Un amour profond pour un être se loge en effet dans le cœur de tous les personnages principaux, lesquels peinent à le reconnaître ou à l’exprimer – si ce n’est parfois par la voie de l’écriture ou de la musique, deux arts étroitement liés dans l’œuvre de l’auteure et associés à une certaine pudeur. L’harmonie se formule peu. Il est aussi un amour mêlé de haine, « une étrange nostalgie » qui habite les personnages d’émigrés au Canada peuplant ses romans et qui peut se décliner en regret d’un sentiment d’unité et d’égalité, bien que ce fût une unité face à un avenir que l’on décidait à leur place, une unité dans l’impression de désolation. Mais celle-ci s’accompagnait d’une fougueuse joie de vivre dans ce théâtre-prison que constituait l’URSS, avec son unité de lieu (« Ma Patrie est l’Union soviétique ! ») et de temps (seul le futur rêvé compte !).

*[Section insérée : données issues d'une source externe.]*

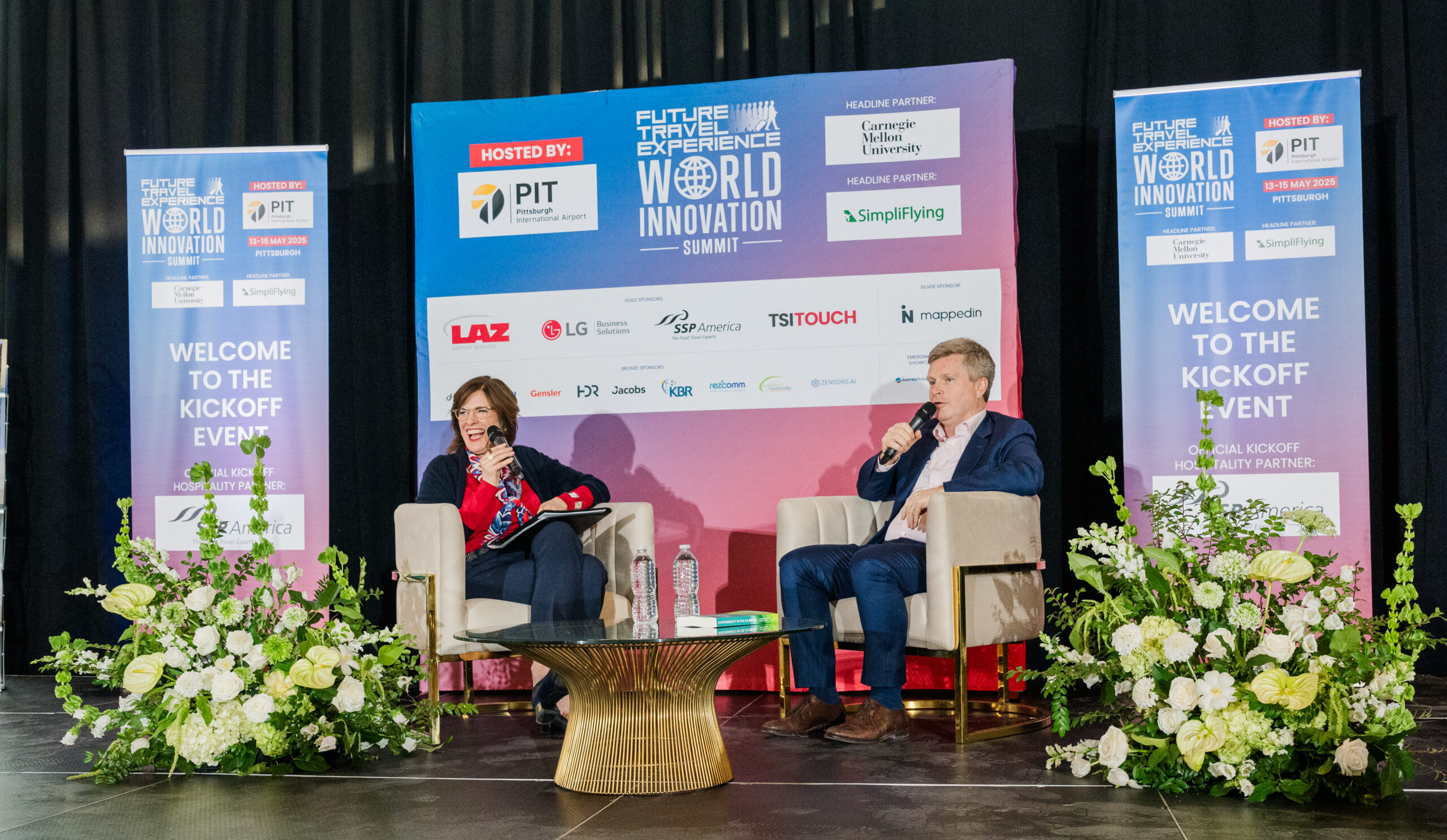 Christina Cassotis, PIT CEO and Sean Doyle, British Airways CEO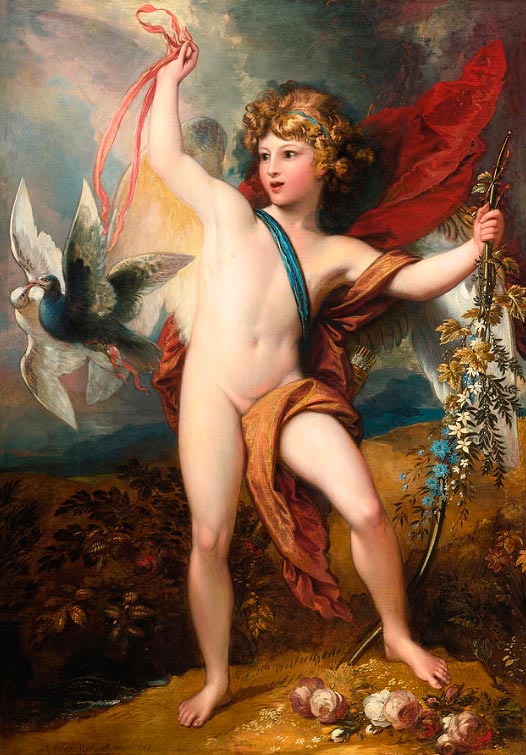 Cupid releasint two doves (Купидон, выпускающий двух голубей), 1798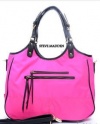 Steve Madden Steven Fuchsia Pink Tote Handbag Crossbody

Quant à M. Kisseleff, le vieux chanteur lyrique indifférent aux villes et pays qu’il traverse, il ne rêve qu’à la Russie qui se trouve sur scène et se reconnaît dans le Prince Eletski de La Dame de Pique, « un homme superflu », le fiancé rejeté… « Son amour n’est pas partagé, comme le sentiment d’un émigré vis-à-vis de son pays natal. » La gamme de la nostalgie s’enrichit lorsque son jeune compagnon, fils de fermier niçois, qui n’a jamais vu la Russie, en vient à ne pouvoir concevoir sa vie en dehors de la Russie d’opéra, hors de la Russie unique de M. Kisseleff…
Se plaisant souvent à entrelacer le réel et la fiction et à donner à ses œuvres une allure de fable ou de conte, Elena Botchorichvili nous conduit dans un univers bien à elle où l’arbre, le prince russe, la tendresse filiale, le pendu, la tombe ouverte, le suicide, sont autant d’images qui circulent d’un livre à l’autre, entrant en échos et croisant de courtes phrases répétées à la manière des refrains de comptine, pour construire une œuvre profondément musicale, où s’entremêlent la vie et la mort.
[Jeune enseignante de lettres à Paris, Éva Philippon porte ses recherches personnelles aussi bien sur la civilisation médiévale que sur les cultures russophones.]